Each entry below must be written out exactly, with pictures left out.

Collected data entries
▬▬▬▬▬▬
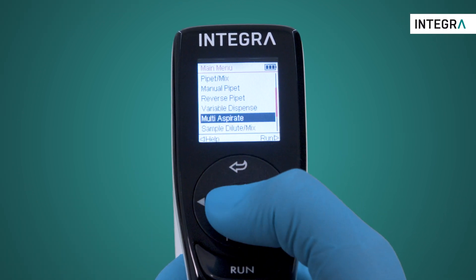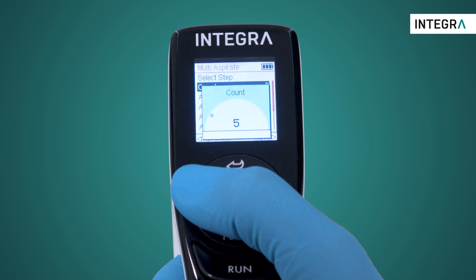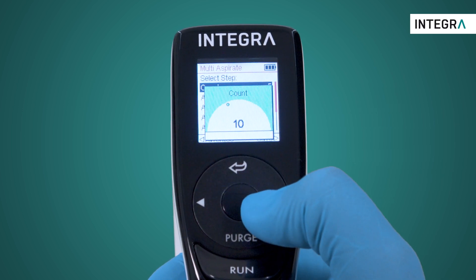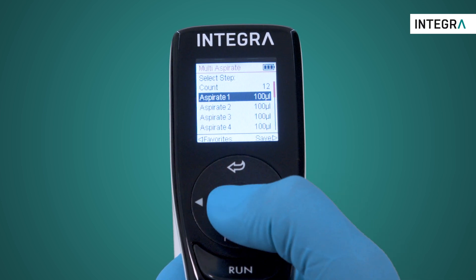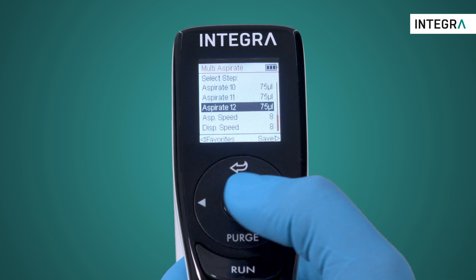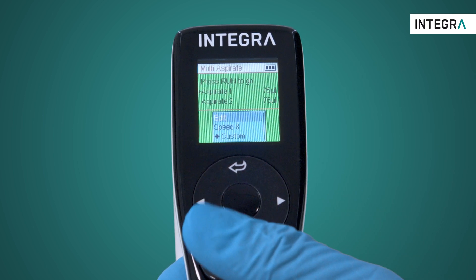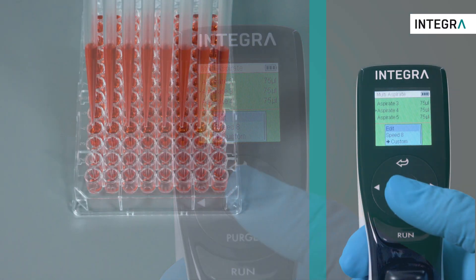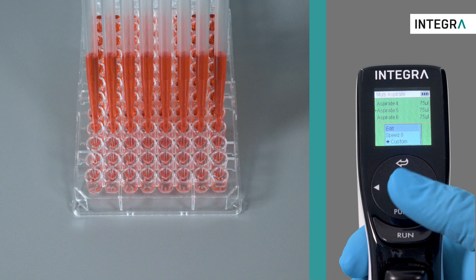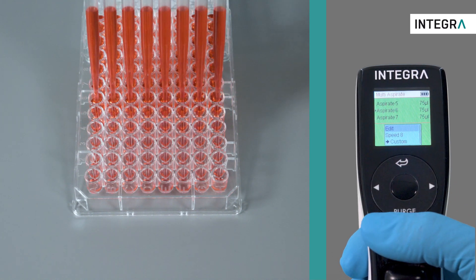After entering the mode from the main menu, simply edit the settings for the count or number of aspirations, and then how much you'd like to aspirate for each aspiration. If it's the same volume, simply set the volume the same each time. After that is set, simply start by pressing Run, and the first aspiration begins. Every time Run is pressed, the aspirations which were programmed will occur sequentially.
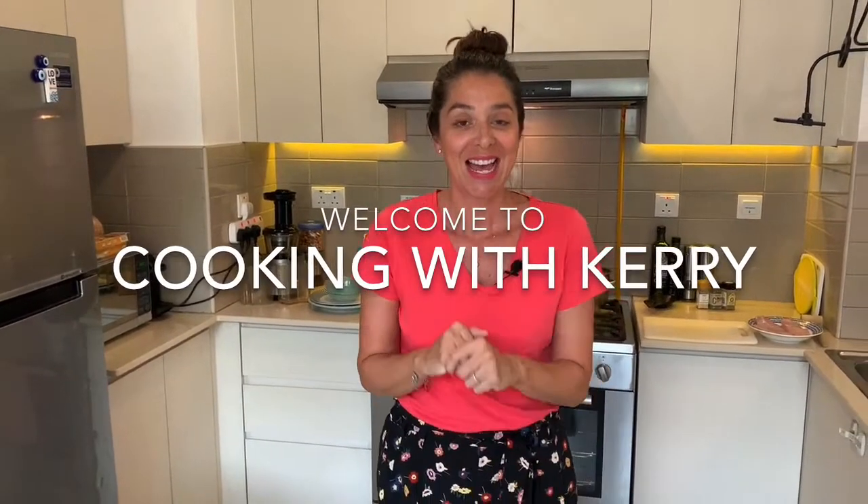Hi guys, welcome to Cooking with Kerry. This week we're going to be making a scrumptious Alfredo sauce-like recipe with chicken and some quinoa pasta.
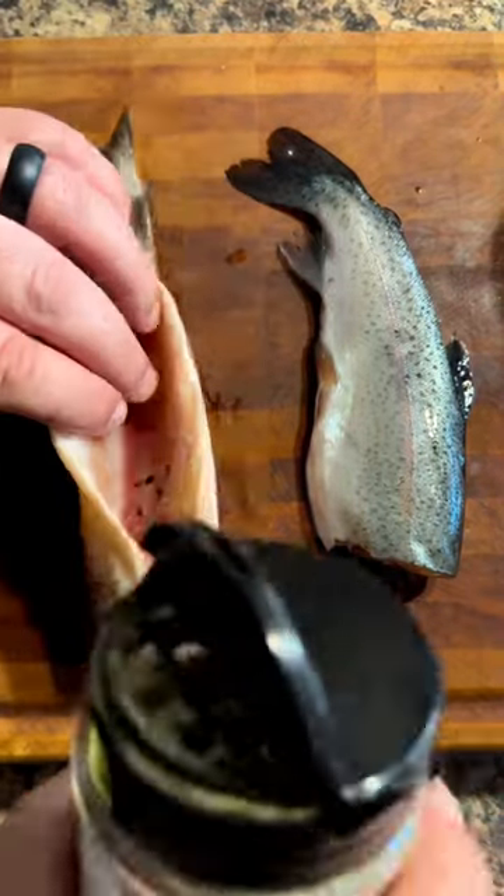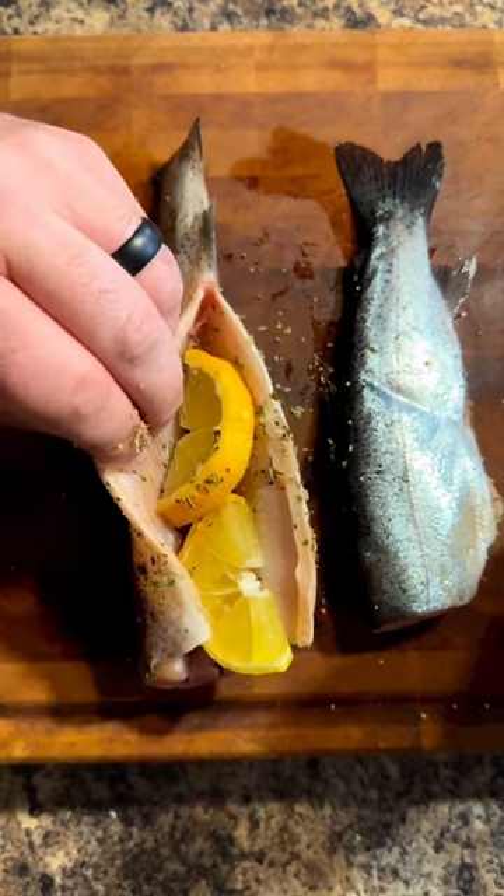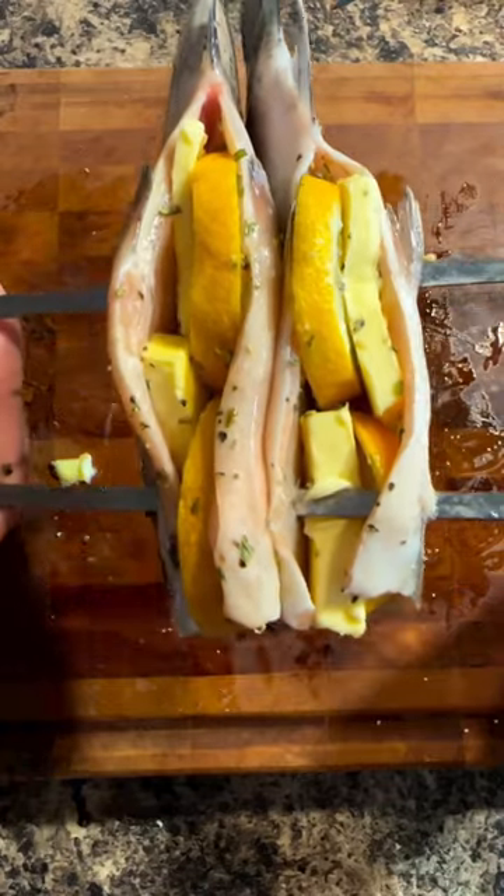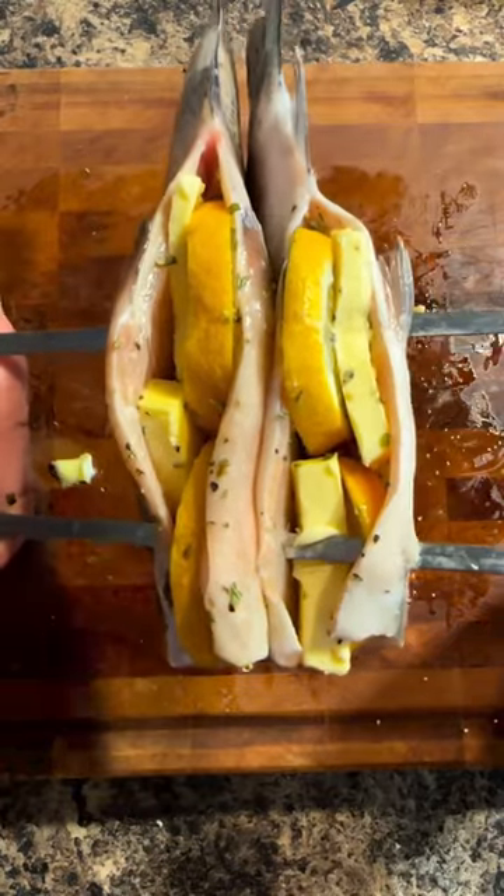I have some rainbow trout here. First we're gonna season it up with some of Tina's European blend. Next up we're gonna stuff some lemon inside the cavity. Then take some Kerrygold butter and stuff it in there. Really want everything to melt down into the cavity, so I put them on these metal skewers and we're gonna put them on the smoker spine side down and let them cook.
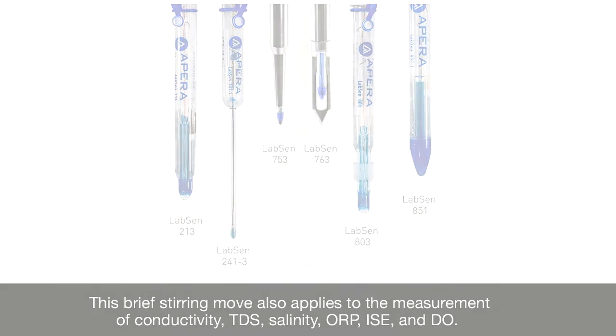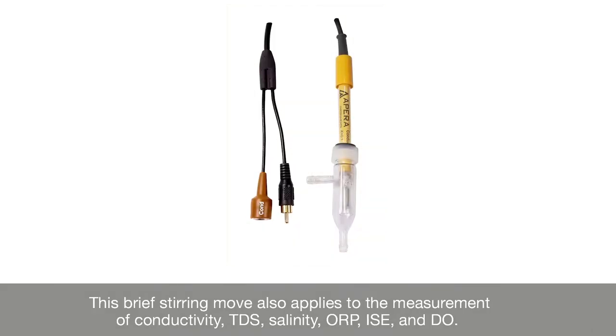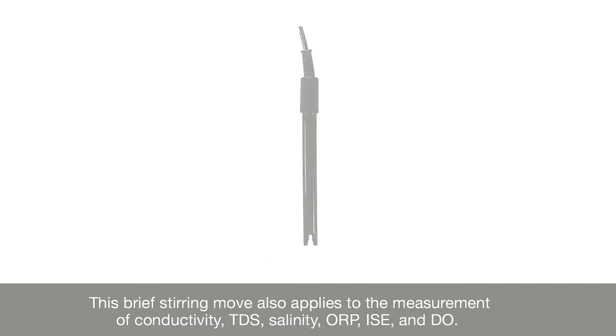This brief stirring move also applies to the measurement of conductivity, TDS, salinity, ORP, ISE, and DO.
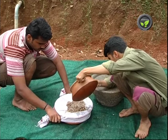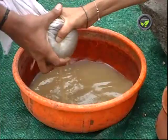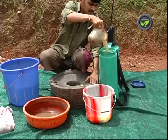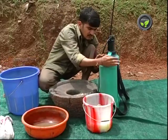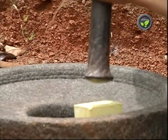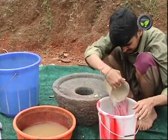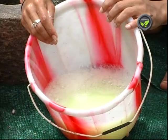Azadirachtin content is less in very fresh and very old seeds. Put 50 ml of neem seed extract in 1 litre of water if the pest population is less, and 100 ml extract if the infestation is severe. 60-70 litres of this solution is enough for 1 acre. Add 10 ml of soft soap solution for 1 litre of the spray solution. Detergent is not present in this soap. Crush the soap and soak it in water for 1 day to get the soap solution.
▬▬▬▬▬▬
Result for this exercise:
After entering the mode from the main menu, simply edit the settings for the count or number of aspirations, and then how much you'd like to aspirate for each aspiration. If it's the same volume, simply set the volume the same each time. After that is set, simply start by pressing Run, and the first aspiration begins. Every time Run is pressed, the aspirations which were programmed will occur sequentially.
Hi guys, welcome to Cooking with Kerry. This week we're going to be making a scrumptious Alfredo sauce-like recipe with chicken and some quinoa pasta.
I have some rainbow trout here. First we're gonna season it up with some of Tina's European blend. Next up we're gonna stuff some lemon inside the cavity. Then take some Kerrygold butter and stuff it in there. Really want everything to melt down into the cavity, so I put them on these metal skewers and we're gonna put them on the smoker spine side down and let them cook.
This brief stirring move also applies to the measurement of conductivity, TDS, salinity, ORP, ISE, and DO.
Azadirachtin content is less in very fresh and very old seeds. Put 50 ml of neem seed extract in 1 litre of water if the pest population is less, and 100 ml extract if the infestation is severe. 60-70 litres of this solution is enough for 1 acre. Add 10 ml of soft soap solution for 1 litre of the spray solution. Detergent is not present in this soap. Crush the soap and soak it in water for 1 day to get the soap solution.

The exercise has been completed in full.